2.12

539K 6.2K 749
                                    

Ağzıma birkaç lokma atacak kadar bekledikten sonra annem ilk soruyu sordu.

"Nasılmış babası?"

"Bir tarafı felçli. Doktor düzelebileceğini söylemiş ama kendine geldi. İyi yani."

"Çok yazık!"dedi annem üzülerek ve zaten başlamadığı yemeği bırakıp sandalyede geriye doğru yaslandı. Babam onun kadar kendini kaptırmış durmuyordu.

"Yarın bir çiçek yollarım hastaneye."

Tanıdık sayılırlardı.

"Annesi yoktu. Fenalaşmış sanırım o da."

"Çocuk hangi birini düşünsün. Ay çok üzüldüm! Başka akrabaları yok mu bunların?"

"Yok. Yani bilmiyorum ben. Semih'in babası Kenan amca geldi işte. Ömer'inkiler de annesinin yanındaydı galiba. Bu sabah annesi gelmiş hastaneye. Daha iyiymiş."

"İyi bari. Bir şey mi olmuş peki? Meriç anlattı mı bir şey? Durup dururken mi olmuş yani?"

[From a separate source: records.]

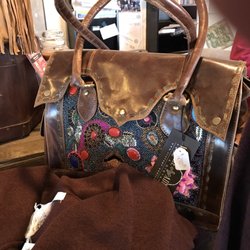 The Lodge On Route 66 Gift Shop - Vintage addiction leather goods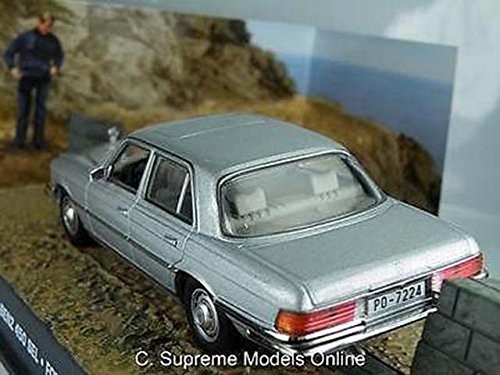 Fabbri 1/43 Scale 007 Bond Model Mercedes Benz 450 SEL For Your Eyes Only - Bild 5 von 6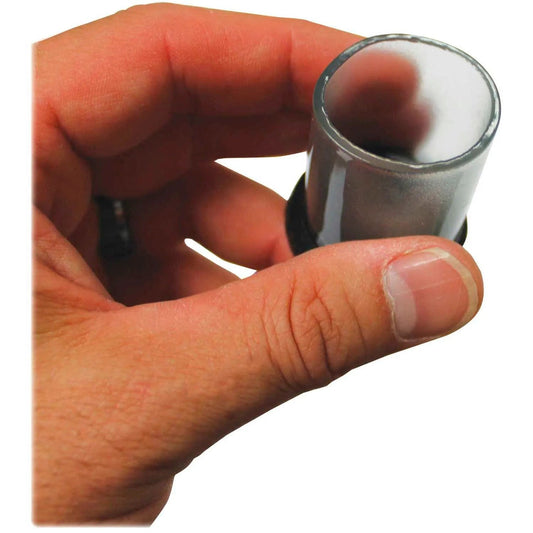 Centerline Dynamics Furniture & Decor Clear Sleeve Floor Protectors - 1.50" Diameter Round - 8/Pack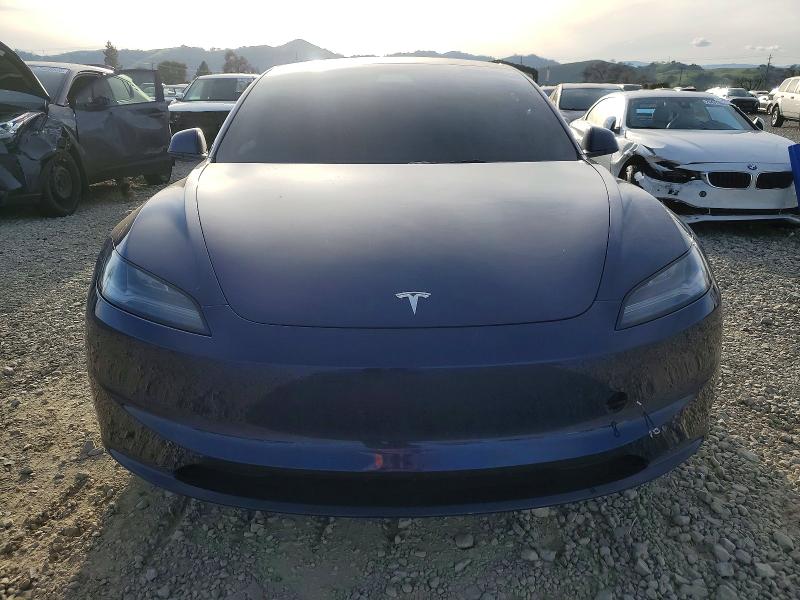 2025 Tesla Model 3 მანქანა იყიდება აუქციონზე, vin: 5YJ3E1EB9SF081888, აუქციონის ნომერი: 75420645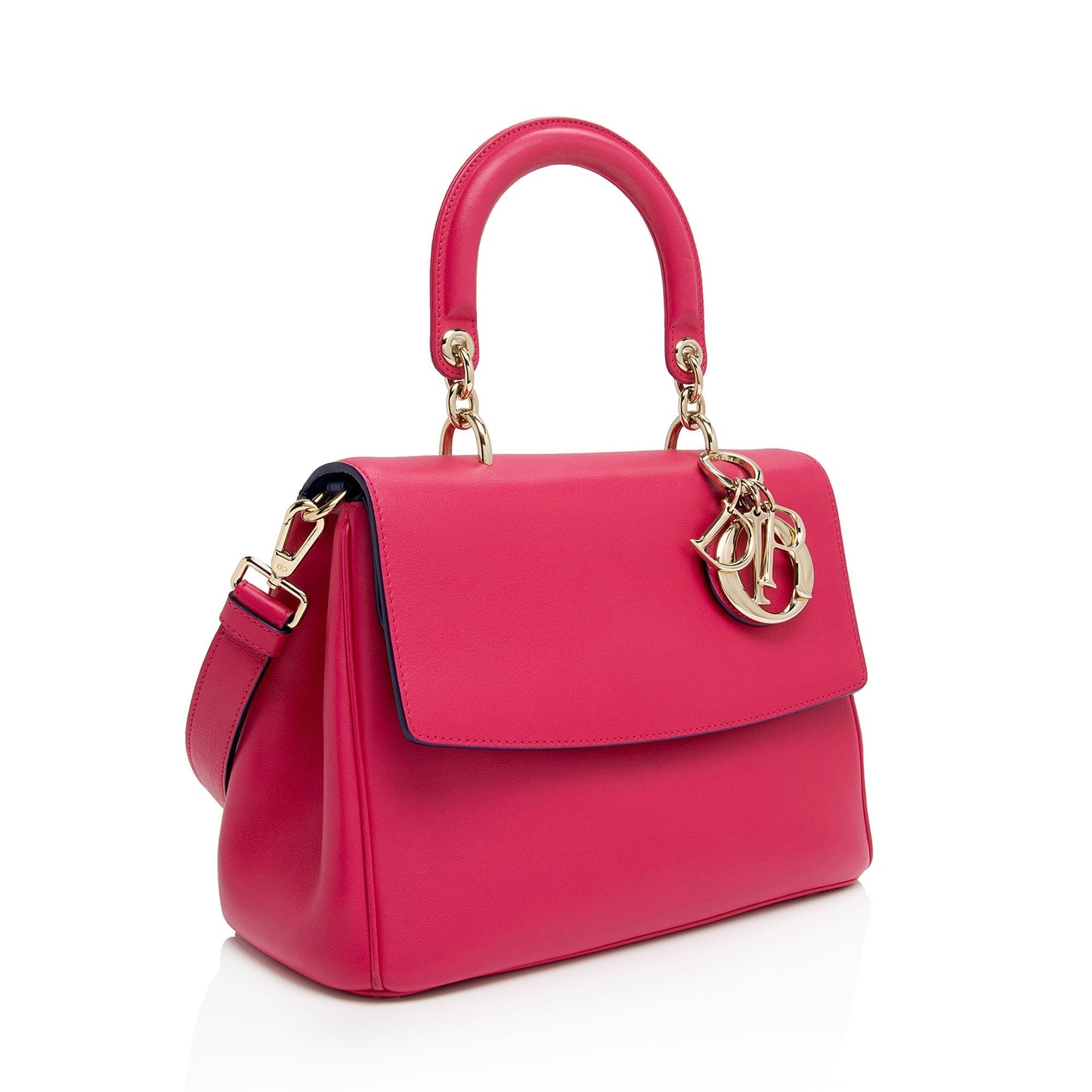 Dior Be Satchel Shf 2Ol7Ux Leather Small Flap Satchel Bag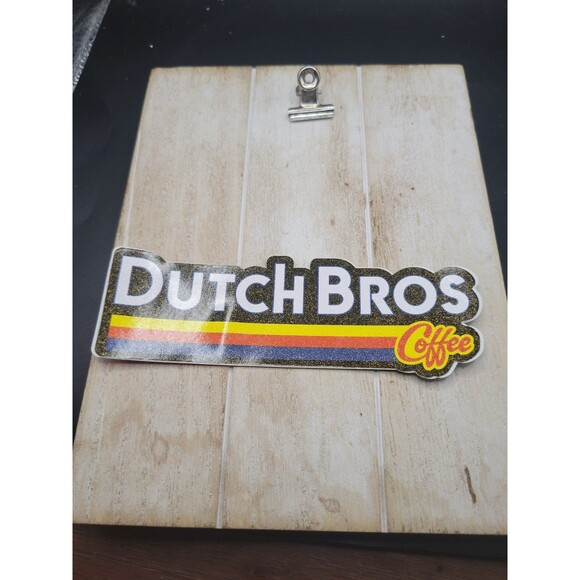 Dutch Bros Coffee Logo Sticker Decal - Picture 1 of 6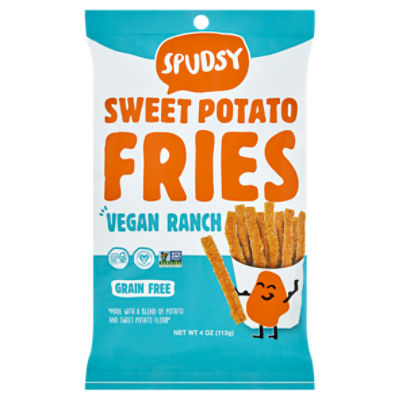 Spudsy Vegan Ranch Sweet Potato Fries, 4 oz - Fairway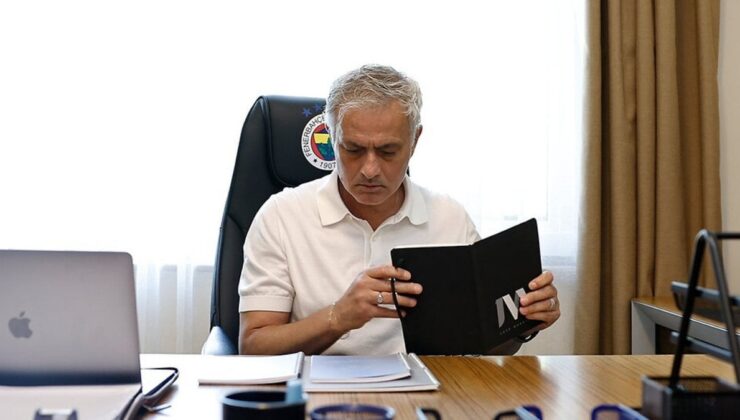 Jose Mourinho, Yeni Dönemin Ateşini Yaktı: Hazır Mısın Fenerbahçe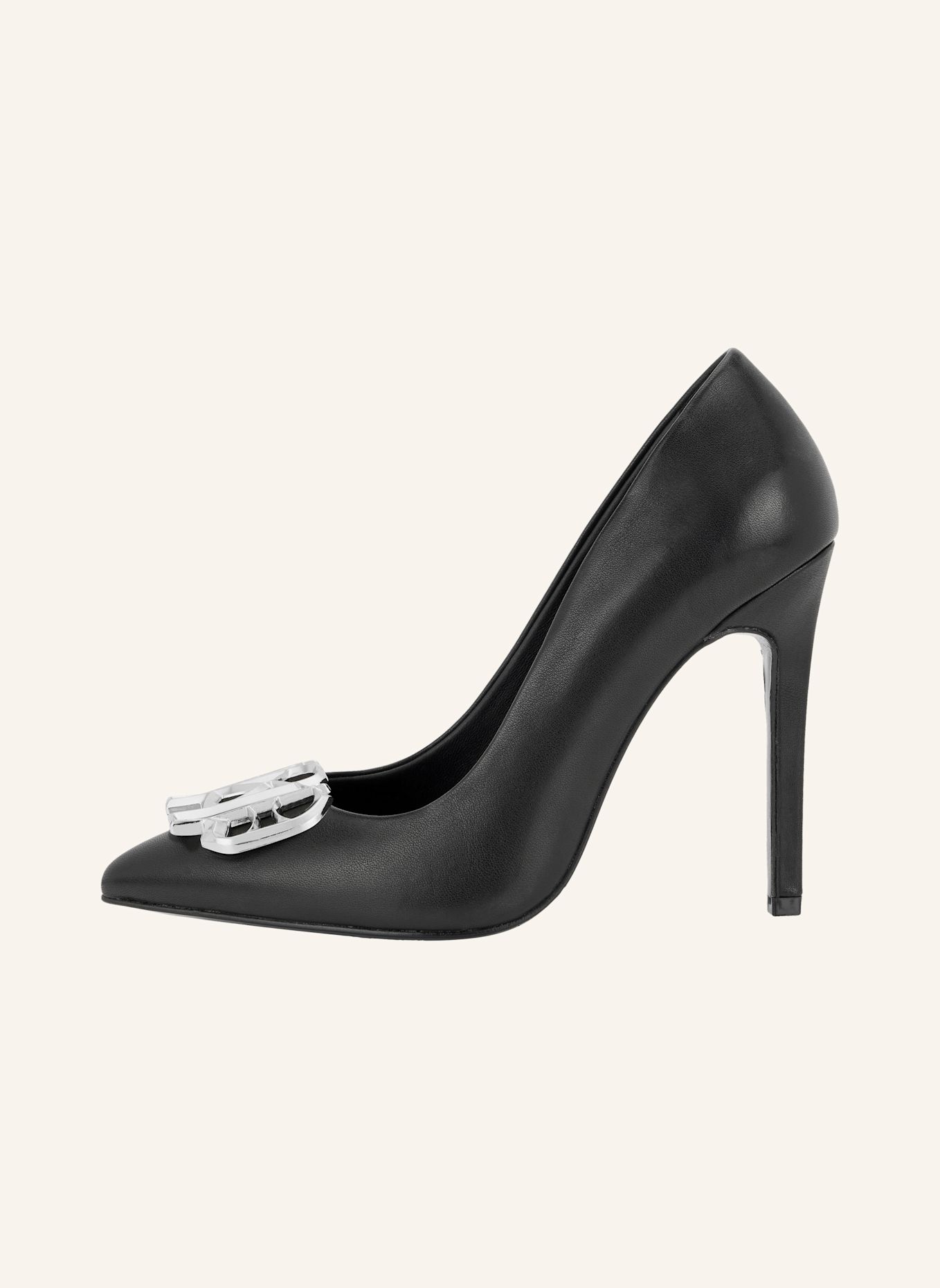 PHILIPP PLEIN Pumps mit hohem Absatz GOTHIC PLEIN: SCHWARZ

Omuz silktim. Çok detay bilmiyordum.

"Kavga etmişler sanırım."

"Ne kötü! Çocuklarını düşünseler bari!"

"Bizim için bu kadar da önemli değil bu konu herhalde, değil mi Nazlı?"

"Ne oluyor Vural?"

"Kayla'yı daha fazla üzmeyelim diye diyorum. Sonra Meriç'e kol kanat germek için ekstra duygusal oluyor."

"Baba!"

"Yalan mı söylüyorum kızım?"diye babam sakince meydan okuduğunda sırtımı dikleştirdim. "Ben Meriç'e acımıyorum. Ona acıyacak bir durumum da yok zaten. Aynı bataklıktayız."

"Kayla!" Bu sefer gerçeklerin isyan ettirdiği kişi annem oldu. Ona dönüp "Özür dilerim."desem de ikna etmek için daha fazla şey söylemeden gerçeğe döndüm.

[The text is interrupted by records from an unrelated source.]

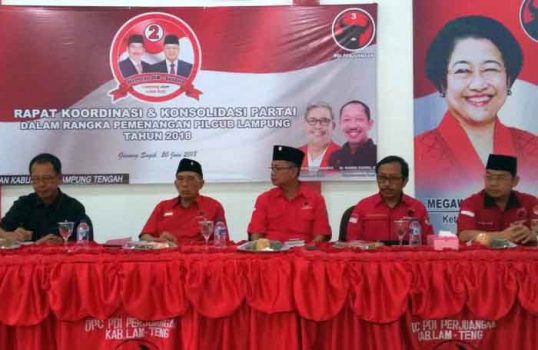 Sutono Ajak Kader PDIP Manfaatkan Sisa Masa Kampanye untuk Sosialisasi
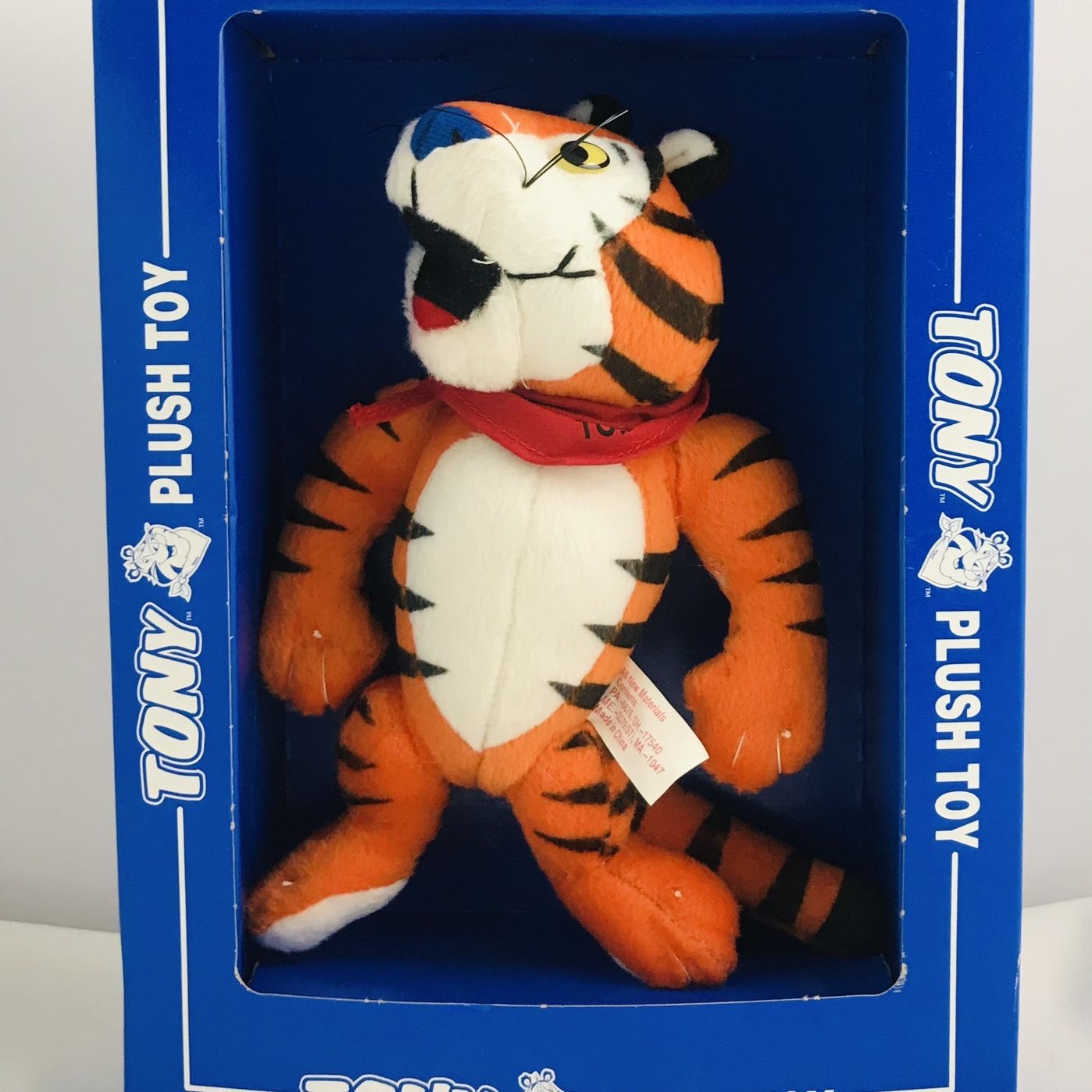1997 tony the tiger outlet plush toy
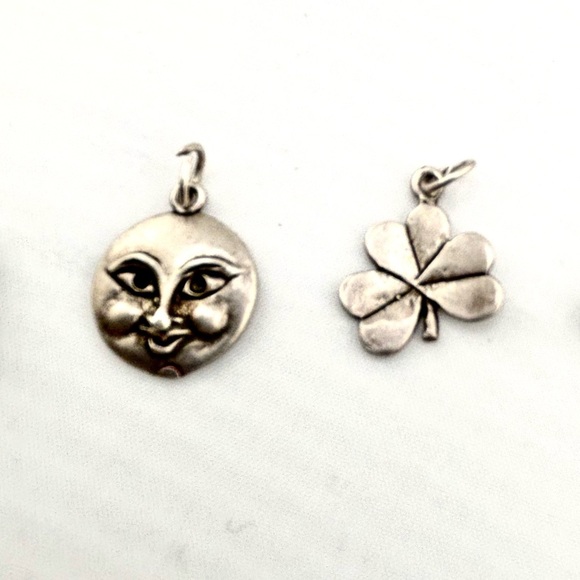 Vintage Whimsical Sterling Silver 925 Charm Bundle - Lot of 3 - Picture 5 of 10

"Buraya ilk geldiğimde hayatım mükemmel değildi. Biliyorsunuz. Kendimizi kandırmaya gerek yok. Meriç beni anlar diye ya da beni yadırgamaz diye düşündüm belki de."

Babamla annem bir süre söylediklerimi düşündü. Sanki daha önce akıllarına hiç gelmemiş gibi sessizliğe gömülmüşlerdi. İkisi de zeki insanlardı. Benim Meriç ile ilişkimi benim aklıma gelmeyen sebeplerle bile kendilerine açıkladıklarına inanıyordum. Yine de benden duydukları karşısında bir kez daha düşüncelere dalmışlardı.

"Seni kazanmak için geç kaldım biliyorum."dedi babam sonunda nihayet. "Burada seni kötü etkileyen ilişkilere sebep oluyorsam belki de annenle dönmelisin."

"Baba bunu daha önce konuşmuştuk."

"Evet, konuştuk ama beni anlamanı istiyorum. Meriç beni endişelendiriyor. Meriç ile ilişkin beni endişelendiriyor. Kendi tarifin bile hiç sağlıklı değil. Ki daha liseye gidiyorsunuz. Eğlenceli bir şeyler yapıyor musunuz? Ben senin mutlu olduğunu görmek istiyorum. Etrafında olan bitene bak. Kavga, gürültü, hastane. Gerçekten bunu mu yaşamak istiyorsun?"

Annem elini çenesinin altına almış hüzünle karışık bir ilgiyle babamın içini dökmesini dinlerken omuzlarım düştü. Yanımda kimse yoktu yine. Meriç ile ilişkim söz konusu olduğunda yapayalnız kalmaya alışamıyordum. Destekçilere ihtiyacımız olmadığını bilsem ve bunu sabah akşam savunacak kadar inatçı olsam da aynı anda biraz destekçiye ihtiyaç duyuyordum.

Doğup büyüdüğüm yerden ayrılmaya hazırlanmadan kendimi başka bir şehirde bulmuşum. Üniversite için başka bir şehre yerleştiğimde bir daha Eskişehir'de yaşamak belki de mümkün olmayacaktı. Bir an her şeyi geride bırakıp son yılı orada okuma düşüncesiyle heyecanlandım. Evimde.